Hoje, o Brasil possui um estoque total de infraestrutura nos setores de Saneamento, Transportes, Energia e Telecomunicações de 36% do PIB, enquanto estima-se que a universalização requer um estoque de 60%. Expandir o volume de investimento exige a mudança do modelo atual. Nos últimos anos, o governo estimulou o investimento em infraestrutura via oferta de crédito subsidiado. Agora, com o Estado falido, os recursos devem vir da iniciativa privada. “Tudo o que o Brasil precisa está mapeado. Quem vai resolver o problema é o investidor, seja nacional ou estrangeiro”, diz Wilson Nigri, da consultoria Cwist.
Mas, para que isso ocorra, é preciso criar condições para atrair o capital, defende a agenda do Codemec (Comitê para o Desenvolvimento do Mercado de Capitais). “A participação do Estado como formulador de políticas estratégicas deve ser debatida com as entidades membros do Codemec, para a operacionalização pelo setor privado desses investimentos”, afirma Thomás Tosta de Sá, presidente da entidade.
O Brasil é atualmente a nona maior economia do mundo, porém ocupa a 73ª posição no ranking de qualidade de infraestrutura do Fórum Econômico Mundial. A precariedade da infraestrutura no país está diretamente ligada ao baixo investimento no setor. “Há o consenso de que existe uma deficiência de infraestrutura no Brasil e os investimentos têm caído nos últimos anos, o que prejudica a produtividade e o desempenho da economia”, diz Carlos Antônio Rocca, fundador e sócio diretor da REP&A Consulting.
De acordo com estudo da Confederação Nacional do Transporte, as más condições das rodovias, por exemplo, deixam o transporte de soja e milho R$ 3,8 bilhões mais caro.

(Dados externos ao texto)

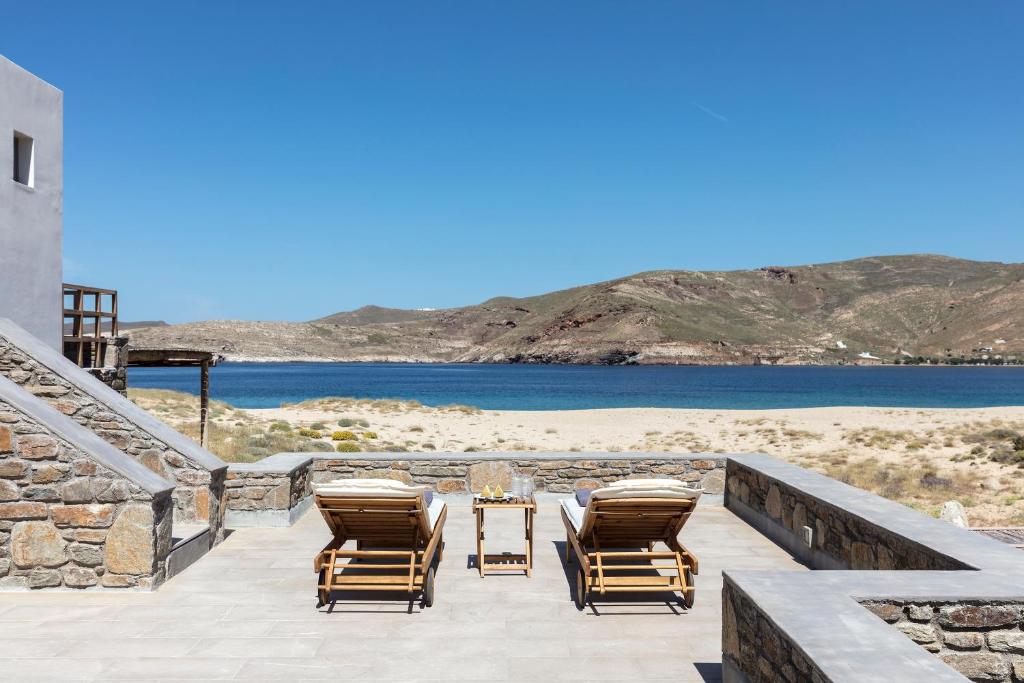 a patio with chairs and a table and a beach at Ammoa Beach Residences in Vayiá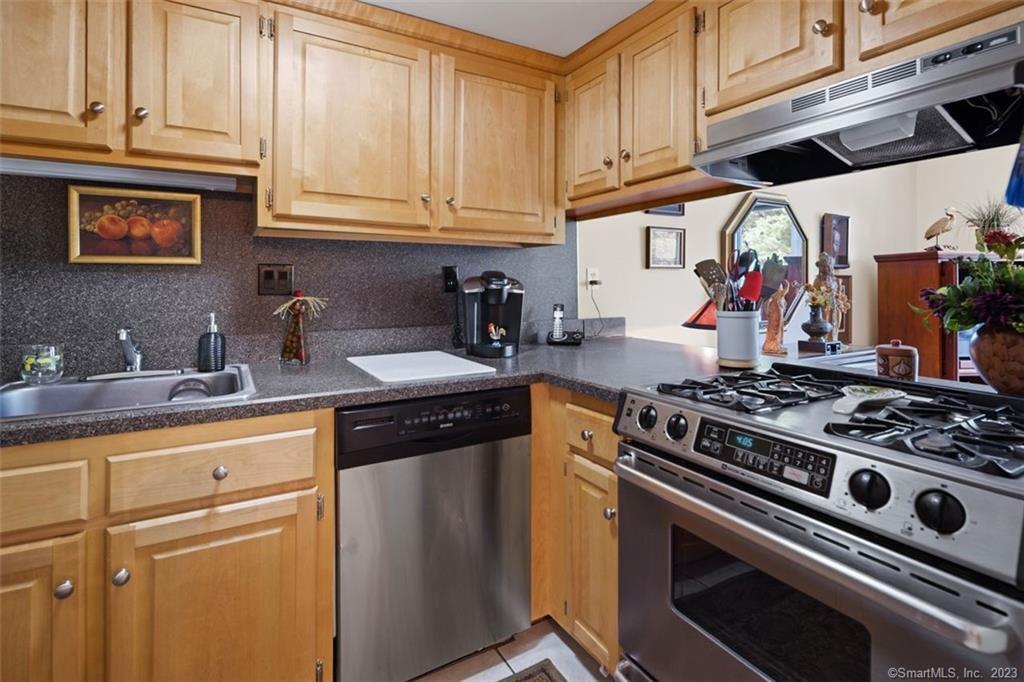 a kitchen with stainless steel appliances granite countertop a stove and a microwave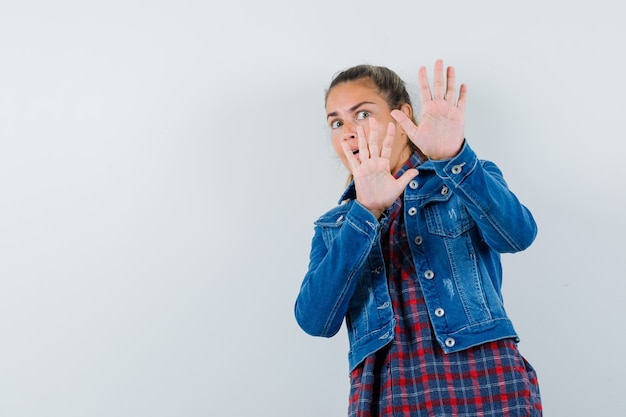 Free photo young woman in shirt, jacket showing stop gesture and looking scared , front view.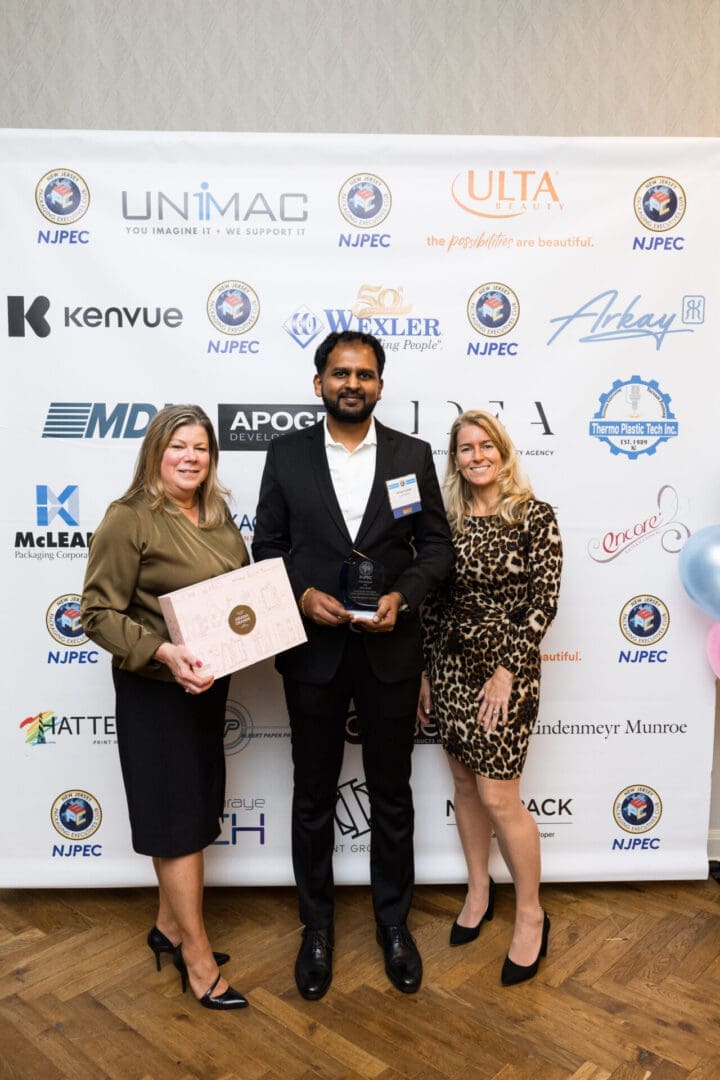 Three people at an award ceremony event.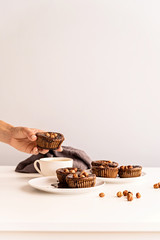 Homemade chocolate cupcakes with glazing, walnuts and a cup of coffee on white table front view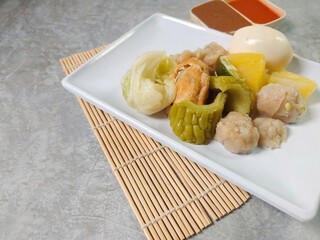 Siomay Bandung (Shumay) or steamed dumplings with boiled egg, tofu, potato, bitter melon and cabbage roll. Indonesian traditional street food with peanut sauce and chili sauce, served with green lime
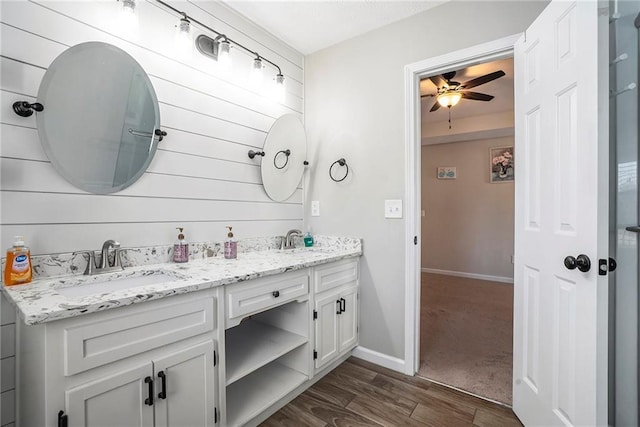 bathroom with ceiling fan and vanity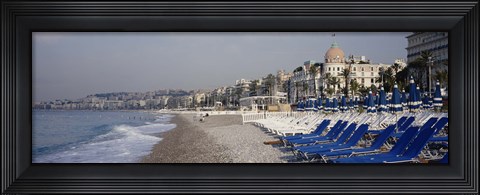 Framed Empty lounge chairs on the beach, Nice, French Riviera, France Print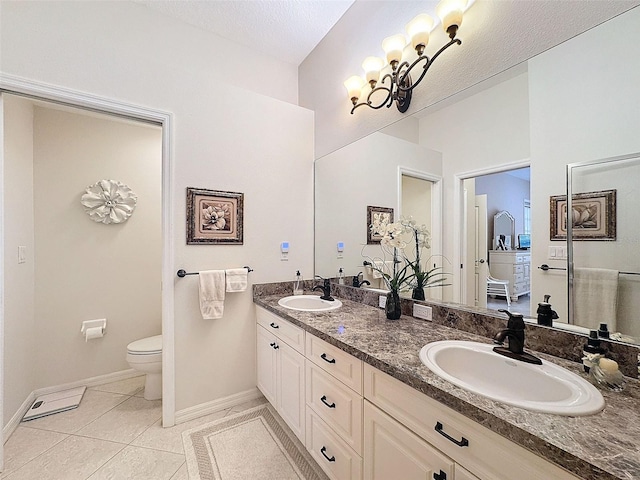 full bathroom with toilet, double vanity, a sink, and tile patterned floors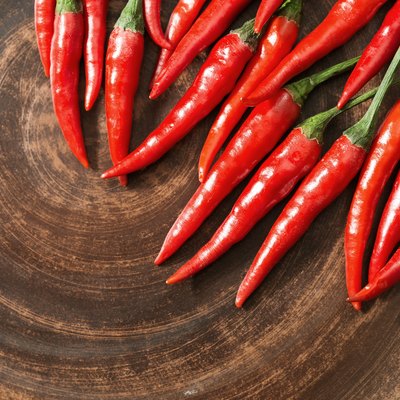 Red hot chili peppers on brown clay flat plate. Copy space. Top view. Food background.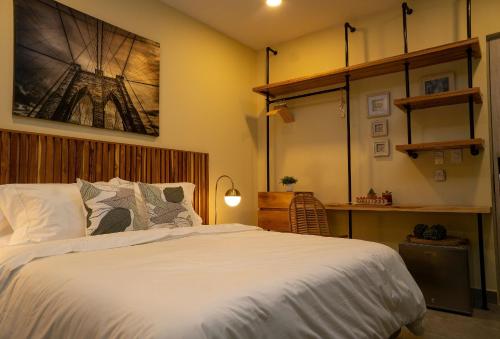 Schlafzimmer mit einem großen weißen Bett und einem Schreibtisch in der Unterkunft Casa Ramona : Suites Boutiques en Cartagena de Indias in Cartagena de Indias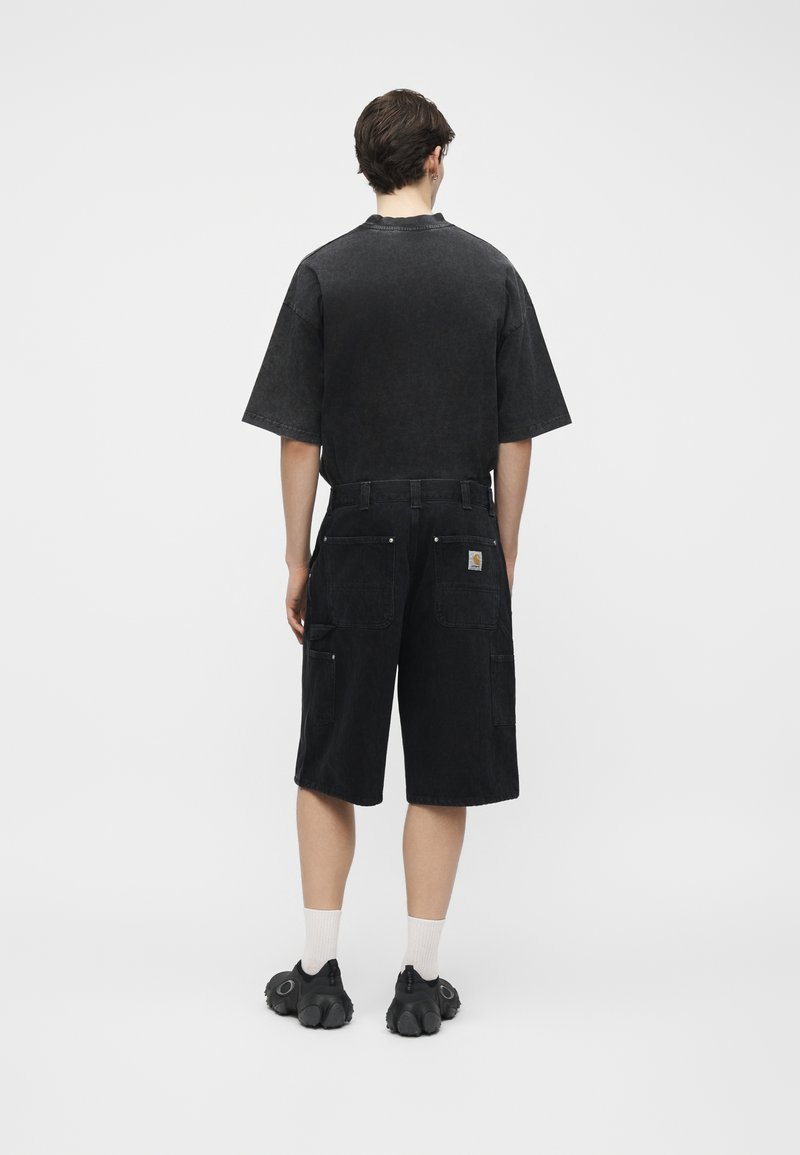 Mann, der von hinten zu sehen ist, trägt ein schwarzes übergroßes T-Shirt, schwarze knielange Shorts mit Taschen, weiße Socken und schwarze Schuhe vor einem einfarbigen Hintergrund.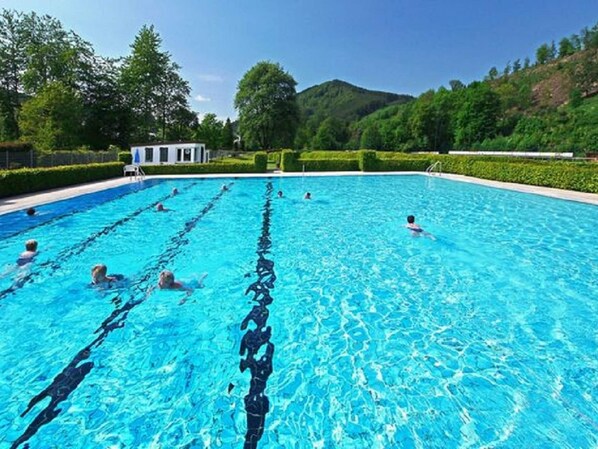 Relax by the serene pool surrounded by lush greenery and a scenic hilly landscape.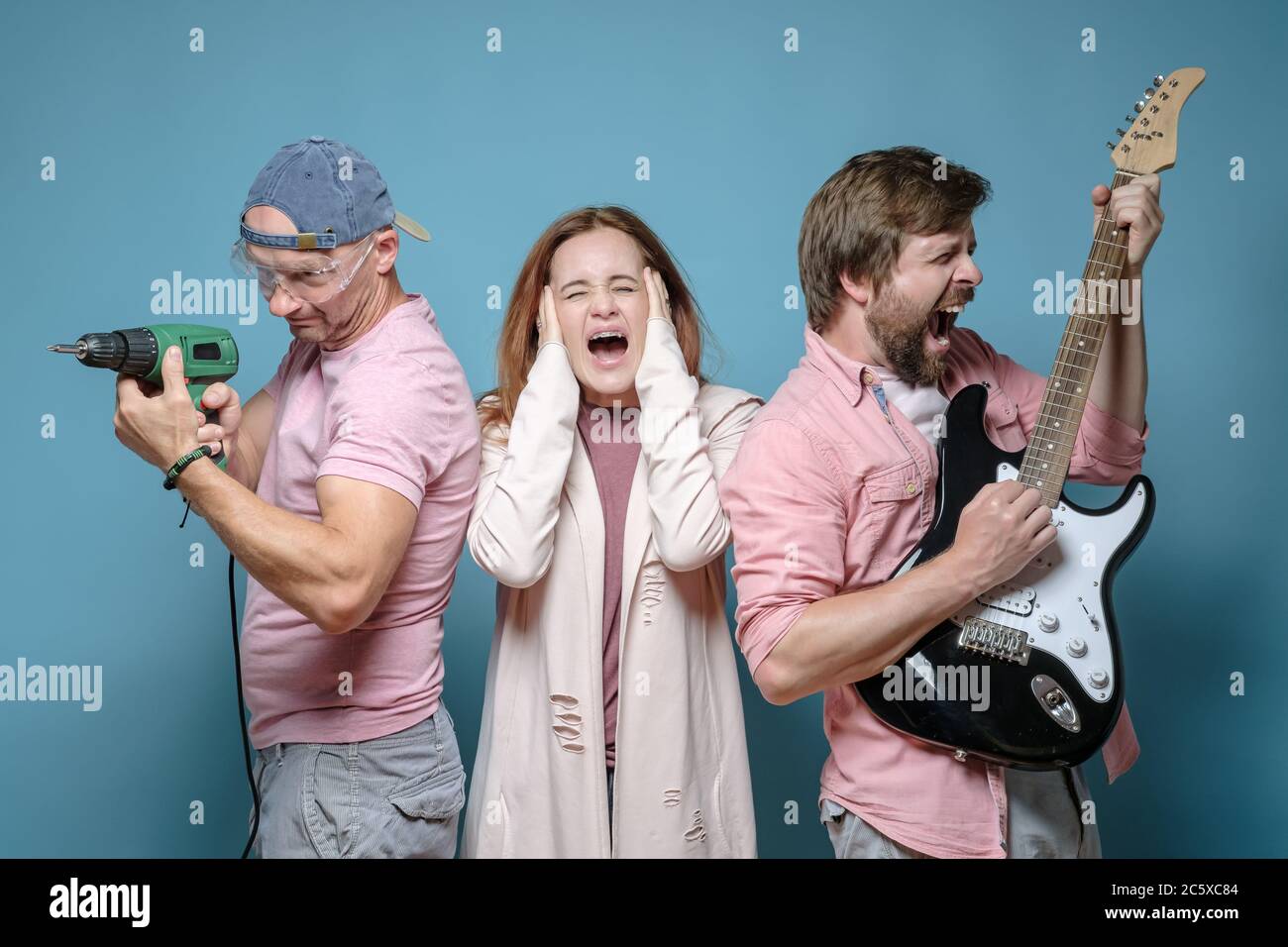Due uomini annoiano una donna, fanno rumore con una chitarra elettrica e un trapano di potenza. Vicino inquieto. Studio, sfondo blu. Foto Stock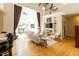 Bright living room showcases hardwood floors, fireplace, and abundant natural light from large windows at 5240 Indigo Moon Way, Raleigh, NC 27613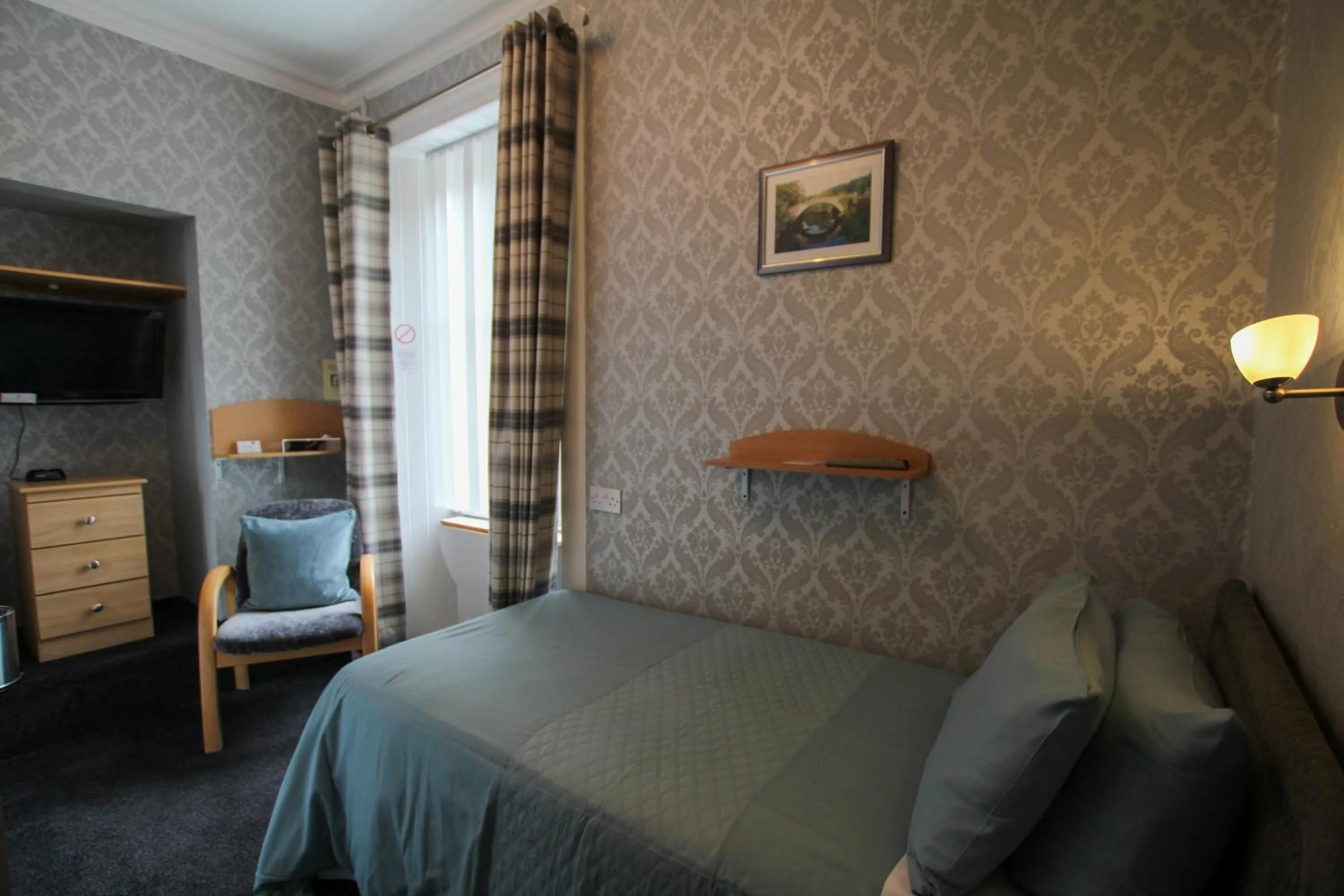 Bed in Dunallan Guest House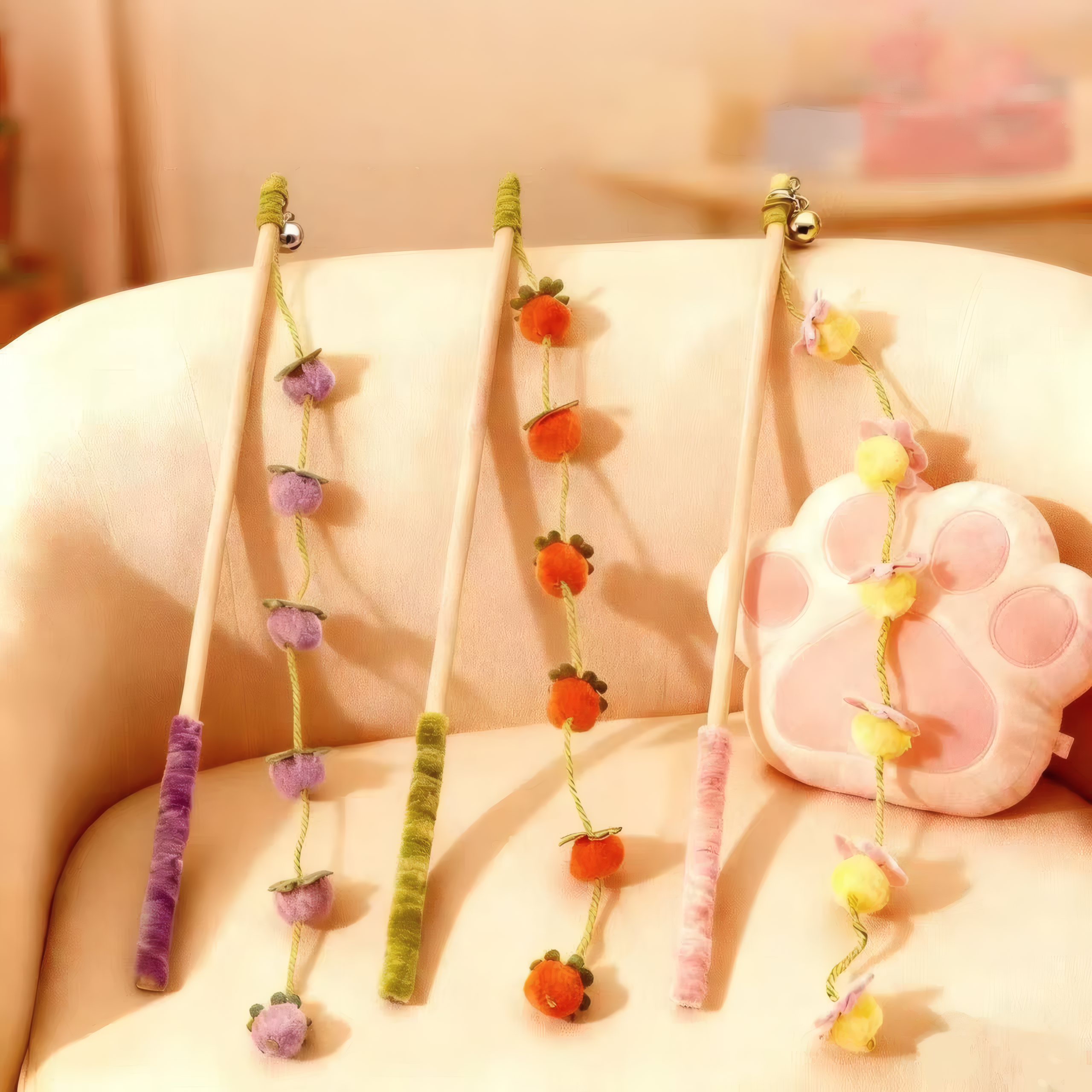 Three variations of the premium wooden cat wand toy: Purple Plum, Orange Tangerine, and Peach Blossom.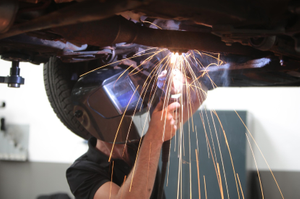 Reduce welder exposure to chromium fumes during exhaust system repairs.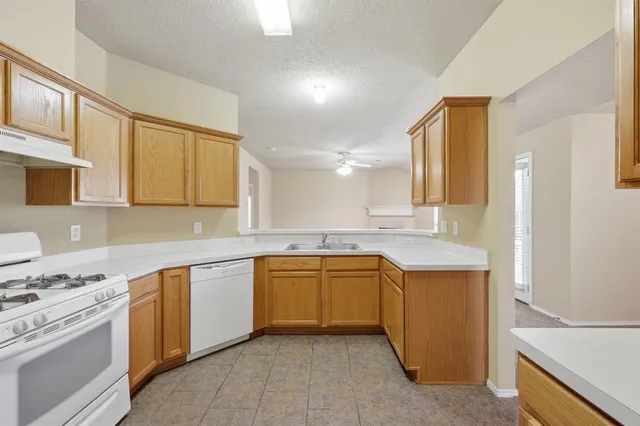 a kitchen with a sink stove and cabinets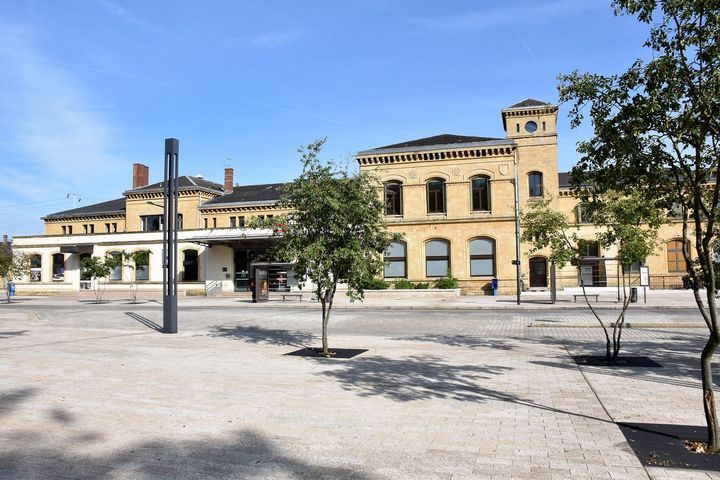 Bâtiment jaune historique avec arches et tour sur une place ensoleillée sous un ciel bleu clair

Em 2017, circularam por rodovias brasileiras cerca de 1,3 bilhão de toneladas de produtos agropecuários, a um custo aproximado de R$ 105 bilhões, estima o Grupo de Pesquisa e Extensão em Logística Agroindustrial da Escola Superior de Agricultura Luiz de Queiroz, da Universidade de São Paulo (Esalq-Log/USP).
O investimento em infraestrutura atingiu o pico nos anos 70 como parte do projeto de modernização do governo, com taxas médias anuais atingindo quase 7% do PIB. No entanto, a partir dos anos 80, as taxas de investimento diminuíram com os recursos alocados para financiar as despesas crescentes do governo, em detrimento de investimentos públicos. O ano de 2017 foi o pior resultado da história do país (R$ 87 bilhões).
Somente para cobrir a depreciação dos ativos atuais, teriam sido necessários R$ 91 bilhões, segundo o relatório “Quanto precisamos investir até 2038?”, elaborado pelo projeto “Infra2038”. O documento destaca que enquanto o PIB de 2038 será 55% maior que o de 2017, os investimentos em infraestrutura precisarão aumentar em 600%. Em valores acumulados, nos próximos 20 anos serão necessários R$ 8,7 trilhões de investimentos em Energia Elétrica, Saneamento, Telecom e Logística.
Enquanto o percentual de investimento do Brasil em infraestrutura foi de 1,7% do PIB em 2017 e, em 2018, deva ser ainda menor, a média mundial é de 5%. China e Índia investem acima disso, 7% e 5,5%, respectivamente. Mesmo os países que já possuem uma infraestrutura bem desenvolvida e cujo foco é a manutenção alocam mais recursos que o Brasil. “Para mudar esta realidade, é extremamente importante que, entre 2018 e 2019, sejam desenvolvidos novos estudos e projetos que viabilizem novas concessões para que, a partir de 2020, possamos retomar uma taxa relevante de investimento (4,3% do PIB), invertendo a relação entre depreciação e expansão”, explica o estudo do Infra2038.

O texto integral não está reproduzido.